What is the history on priestly attire in the church? The eastern orthodox and rcc head dresses collars and the robes? There were two previous threads asking this with zero replies.


----------



## NaphtaliPress (Aug 26, 2013)

I don't know the history of development but at the Reformation and later in the Puritan attempts to turn back the turning away from the Reformation by the Anglo Catholics, it was the superstition and idolatry attached to such attire hat caused them reject and advocate against such attire. John A'Lasco has something on vestments I think in that Banner of Truth compilation. "Nothing ought to be added to public worship concerning which God has given no command_" The Reformation of the Church_, ed. Iain H. Murray (Edinburgh: Banner of Truth, 1965), 62. See Gillespie's English Popish Ceremonies or similar against the surplice as far as the arguments from superstition and idolatry.


----------



## johnbugay (Aug 27, 2013)

arap said:


> What is the history on priestly attire in the church? The eastern orthodox and rcc head dresses collars and the robes? There were two previous threads asking this with zero replies.



I can't say for sure, but Allen Brent talks about Ignatius and his "martyr procession" -- that is, it was his intent to choreograph (or at least to characterize) a procession of himself and his entourage "in which he was the scapegoat victim on his way to sacrifice on a pagan altar at Rome". 

A couple hundred years later Eusebius (who was wrong about many things, including his being Arian) characterized the Apostle John as wearing "a bishop's mitre". 
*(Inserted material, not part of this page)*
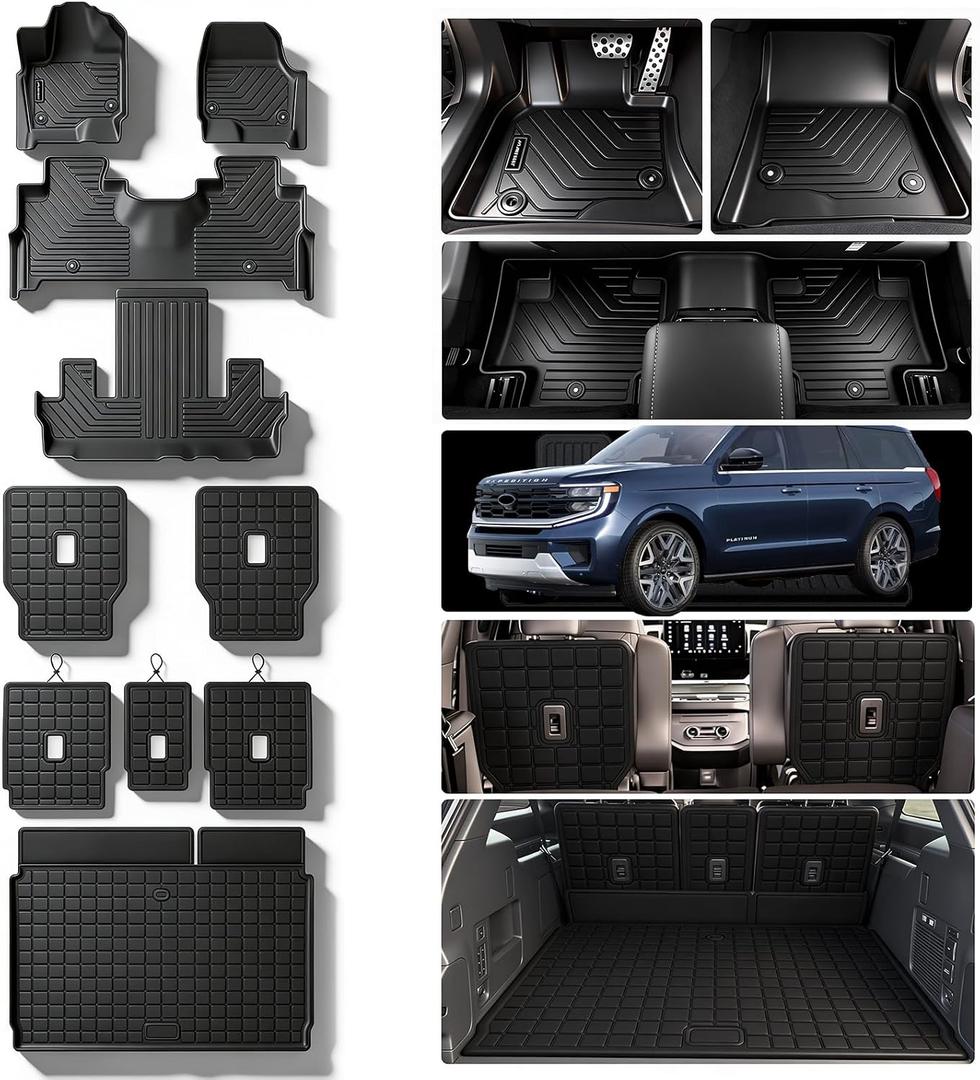 Floor Mats for 2025 2026 Ford Expedition 7 Seats 2nd Row Bucket Seats (Not for Max) & Trunk Mat & Backrest Mat,TPE All Weather Protection 2nd & 3rd Row Backrest Mats Full Set Accessories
I would have to say such things as processions and robes and vestments (of the kind we see in Roman Catholicism) derived from the pagan religious culture of the first several centuries. I've not seen anything about "attire", but the "priestly" portion seems to have been adopted from the religious milieu of the empire.


----------



## GloriousBoaz (Aug 27, 2013)

Well I was reading Exodus today when God has the Israelites make the ephod and tabernacle etc and was surprised at the details and the brilliance of the robes and such that God desired to be "worthy" of Himself. But I've always thought there was something fishy about vestments when you read of Christ walking about in normal clothes and being in contrast to the pompously dressed Pharisees, I couldn't imagine Jesus Christ wearing the Pope's outfit in his earthly ministry or to preach in my church though Revelation gives us quite a pictuer of Him in glory.

Rev. 1:12 Then I turned to see the voice that was speaking with me. And having turned I saw seven golden lampstands; 13 and in the middle of the lampstands I saw one like [j]a son of man, clothed in a robe reaching to the feet, and girded across His chest with a golden sash. 14 His head and His hair were white like white wool, like snow; and His eyes were like a flame of fire. 15 His feet were like burnished bronze, when it has been made to glow in a furnace, and His voice was like the sound of many waters. 16 In His right hand He held seven stars, and out of His mouth came a sharp two-edged sword; and His face was like the sun [k]shining in its strength.

It says He has a golden sash, but no Pope hat lol.


----------